Let’s ignore for the minute common sense — something we often have to do when considering what government at any level does.

Basic faith in basic American values says the best way to determine pay is by the free market. If the county is having trouble finding or keeping employees, it needs to pay more. If it’s losing them to other employers, it needs to pay what those employers pay — or fix whatever else it is about its jobs that cause employees to want to leave.

The problem is, for most county positions, there’s absolutely no shortage of applicants, and there’s almost no evidence of large groups of employees moving from this county to some other county to accept the same job.

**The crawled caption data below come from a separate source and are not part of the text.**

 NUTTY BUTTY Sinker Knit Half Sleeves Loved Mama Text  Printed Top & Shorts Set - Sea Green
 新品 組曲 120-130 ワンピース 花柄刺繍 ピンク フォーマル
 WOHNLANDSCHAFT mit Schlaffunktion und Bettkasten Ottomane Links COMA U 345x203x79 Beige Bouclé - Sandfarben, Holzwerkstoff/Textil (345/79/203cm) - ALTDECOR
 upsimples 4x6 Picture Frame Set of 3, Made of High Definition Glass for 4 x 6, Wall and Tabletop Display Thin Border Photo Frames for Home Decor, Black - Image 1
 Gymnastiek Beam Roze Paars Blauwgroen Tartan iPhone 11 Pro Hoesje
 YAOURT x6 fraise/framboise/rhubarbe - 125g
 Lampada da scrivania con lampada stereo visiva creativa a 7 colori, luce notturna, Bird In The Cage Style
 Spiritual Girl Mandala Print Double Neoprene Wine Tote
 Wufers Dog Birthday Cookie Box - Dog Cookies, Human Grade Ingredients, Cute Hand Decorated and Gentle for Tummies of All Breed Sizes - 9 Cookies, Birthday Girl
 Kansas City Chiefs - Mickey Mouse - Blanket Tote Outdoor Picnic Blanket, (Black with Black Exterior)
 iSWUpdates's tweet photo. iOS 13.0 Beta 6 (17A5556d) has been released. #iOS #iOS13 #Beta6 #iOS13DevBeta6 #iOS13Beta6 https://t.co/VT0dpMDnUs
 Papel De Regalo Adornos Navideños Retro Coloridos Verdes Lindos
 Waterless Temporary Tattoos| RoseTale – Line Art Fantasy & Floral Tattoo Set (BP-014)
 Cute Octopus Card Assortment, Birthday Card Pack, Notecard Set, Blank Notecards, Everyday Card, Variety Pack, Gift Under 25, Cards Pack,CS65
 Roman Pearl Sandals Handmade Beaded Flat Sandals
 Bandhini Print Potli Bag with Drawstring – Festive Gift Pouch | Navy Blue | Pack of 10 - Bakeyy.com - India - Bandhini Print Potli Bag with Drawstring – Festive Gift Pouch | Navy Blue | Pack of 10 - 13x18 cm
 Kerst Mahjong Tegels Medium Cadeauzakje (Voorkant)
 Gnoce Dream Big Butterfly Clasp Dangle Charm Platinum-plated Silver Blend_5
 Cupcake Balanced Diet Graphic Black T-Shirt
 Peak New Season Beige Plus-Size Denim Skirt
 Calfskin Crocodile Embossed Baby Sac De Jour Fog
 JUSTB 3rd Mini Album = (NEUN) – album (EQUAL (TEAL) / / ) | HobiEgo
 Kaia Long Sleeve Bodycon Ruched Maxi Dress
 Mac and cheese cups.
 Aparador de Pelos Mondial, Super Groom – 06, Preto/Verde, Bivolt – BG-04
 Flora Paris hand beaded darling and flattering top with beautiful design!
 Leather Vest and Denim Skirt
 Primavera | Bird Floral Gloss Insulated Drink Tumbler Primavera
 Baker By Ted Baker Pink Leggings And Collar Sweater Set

Yet that’s exactly what the so-called study considered in estimating what each county employees should be paid. It compared Marion County pay scales to pay scales in other counties.

Lost in the discussion was just which counties were compared. Dickinson and Chase, just to the east and west? Nope. They declined to share information, maybe because they thought the whole deal was bogus.

Instead, eight of the 13 counties for which all positions were compared were larger than Marion County — most of them, much larger. And nearly all of them were nearer to urban areas, where cost of living is higher and competing private-sector jobs more prevalent.

Surprise, surprise. They pay more.

True, Morris County also made this list, but when was the last time you heard of a Marion County employee quitting to take a higher paying job in Morris County — which we aren’t even sure pays more, less, or the same. The report doesn’t provide that kind of detail.

Ah, you say, but base pay isn’t what the report really is about. It’s about something called “compression” — the notion that longevity raises have increased the pay of rank-and-file workers to the point that they sometimes are being paid more than supervisors with less seniority.

There’s two ways to address a problem like that. If money is no object, give supervisors a lot more money. If, on the other hand, you’re actually trying to be responsible with what you spend, perhaps the answer is that those seniority raises weren’t such a great idea in the first place.

Keep in mind we’re not talking about merit raises for doing the job better or cost-of-living raises to keep up with inflation. Such raises are separate and frequently awarded. These are raises simply for doing the same job for a longer period of time, sometimes with the benefit of county-paid training.

Other bureaucracies have a way to deal with this. Take, for example, the “up or out” policy of the military. If you’ve been in a particular job classification for long enough, you either get promoted to a job with more pay — and, importantly, more responsibility — or you stay where you are, maxed out on the scale, or are forced to leave.

True organizational experts — the kind who actually study such things rather just than sell reports — will tell you that the biggest challenge institutions face are from people who aren’t advancing up the ladder and have settled for a job that doesn’t have the headaches of leadership but which, because of experience, gives them an ability to become obstructionist bureaucrats.

Where the county has trouble, when it does, is in getting people who are willing to accept more responsibility. Why take on more responsibility when your pay will continue to increase at regular intervals, above and beyond inflation, regardless?

The whole idea of seniority raises is rooted, as most commissioners appear to be, firmly in the middle of the last century. Ask anyone in the workplace today what seniority means. In most cases, it means you lose your job because you get paid more to do the same thing that some young rookie would do for a much smaller paycheck.

But that’s the real world, where taxpayers live, not the government world, which seems to be governed by a doctrine other than democratic capitalism. Systems like those behind the proposed county pay scale have a name — a name most commissioners wouldn’t be comfortable with: socialism.